É aí que surge a armadilha de escondermos a deficiência, não caiam nessa!

Eventualmente a gente escorrega mesmo. Seja tentando disfarçar o que for que apareça na deficiência do nosso filho (no caso da surdez é muito comum as tentativas de disfarçar os aparelhos auditivos e implantes cocleares); seja sofrendo pelo olhar do outro, mesmo quando mostramos os aparelhos enfrentando o nosso próprio preconceito e ressignificando uma montanha de sentimentos; seja deixando de levar nossos filhos em momentos de convivência social.

Sim, os olhares e as opiniões dos outros machucam demais.

Lembro que antes da cirurgia do implante da Joana, estava em família e mostrei imagens de crianças implantadas e dos aparelhos que a Joana usaria e uma pessoa, talvez achando que daria uma sugestão útil, perguntou:

“Não existe nada menos feio para colocar na cabeça da criança, não?!”

Ali, eu me dei conta que todo preconceito e julgamento não estavam apenas em mim, estão no mundo inteiro: na família, na escola, nos parquinhos, nas atividades extras curriculares.

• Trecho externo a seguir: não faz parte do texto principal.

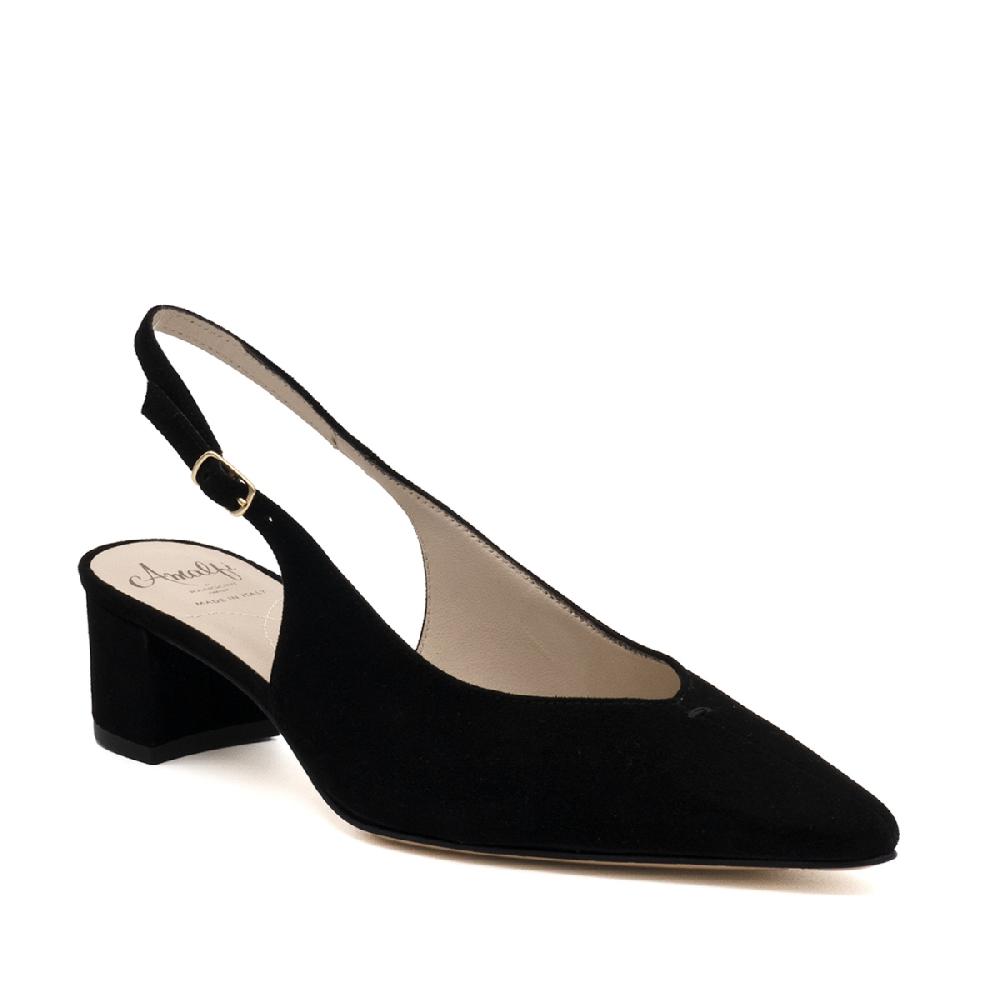Amalfi by rangoni Slingback Panarea nere 2025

A gente vai aprendendo a lidar com isso, aproveitando cada situação de um olhar, de uma fala descuidada ou rude para fazer discurso mesmo e deixar as pessoas de boca aberta pelo milagre que a tecnologia pode fazer e como uma deficiência não é o fim do mundo. Todas essas situações doem (em mim doeram muito), mesmo eu tendo uma postura firme na minha resposta, mesmo quando eu ensino algo para essas pessoas, mesmo quando eu as faço pensar e também as deixo desconfortáveis pela expressão dos seu próprio preconceito. A dor continua lá, a gente lida com ela, transforma, mas ela está lá.  

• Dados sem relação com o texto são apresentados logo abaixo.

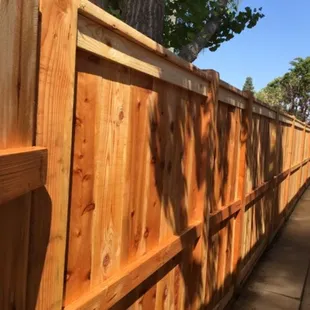 Custom wood fence
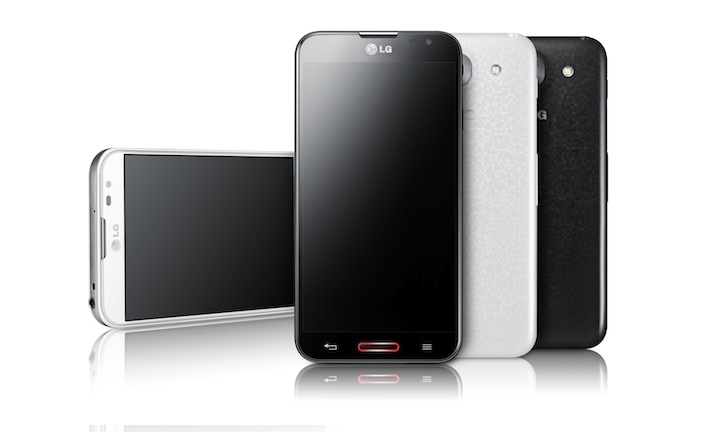 Neues Smartphone-Flaggschiff für Deutschland:  LG E986 Optimus G Pro.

O tempo passa, a gente aprende muito sobre deficiência em 8 anos, não apenas sobre a deficiência do nosso filho…
A gente passa a fazer um esforço constante de empatia, compreensão e troca com as outras mães, nos tornamos pessoas diferentes porque dividimos experiências.
Mas, aquele danado do capacitismo continua dentro da gente, por mais que tentemos mudar, parece que ele só adormece. Eu só não esperava ter uma lição de anti-capacitismo com meu filho mais velho. Claro, ele tem uma experiência singular com a deficiência, ele vive a surdez dentro de casa. Tem uma mãe que pensa, fala e respira este assunto vinte e quatro horas por dia. Ainda assim, ele só tem 13 anos. Ano passado, ele teve uma colega de sala com Síndrome de Down. No começo do ano, ele nem sabia o que exatamente ela tinha de diferente, me perguntou, me mostrou a colega para que eu pudesse explicar, não sossegou enquanto não entendeu. E eu já achei lindo essa curiosidade movê-lo, não apenas pela curiosidade em si, mas porque ele queria entendê-la de verdade.
Ao longo do ano eles fizeram dois trabalhos em grupo. E eu dei um empurrãozinho para ele e os amigos pensarem em como incluí-la no passo a passo do trabalho e também nas apresentações. Afinal, não poderiam fazer tudo por ela e sim com ela.
Até aí, eu achava que eu estava ensinando algo para o meu filho, mas então veio uma conversa de final de ano, sobre as notas das últimas provas…
Ele que reclamou o ano inteiro que o professor de geografia era um carrasco, mesmo tendo boas notas.
Reafirmou a reclamação na última rodada de provas, praguejando porque ele não conseguiu gabaritar e era essa a meta dele. Aí, ele fez uma pausa e lembrou de uma coisa importante: a amiga com Síndrome de Down gabaritou em Geografia! E eu respondi totalmente por reflexo: “Ah, mas a prova dela é adaptada!”. E ele muito calmamente me deu a seguinte resposta:

“Pois é mãe, mas ainda assim, ela gabaritou e a gente não pode tirar esse mérito dela.”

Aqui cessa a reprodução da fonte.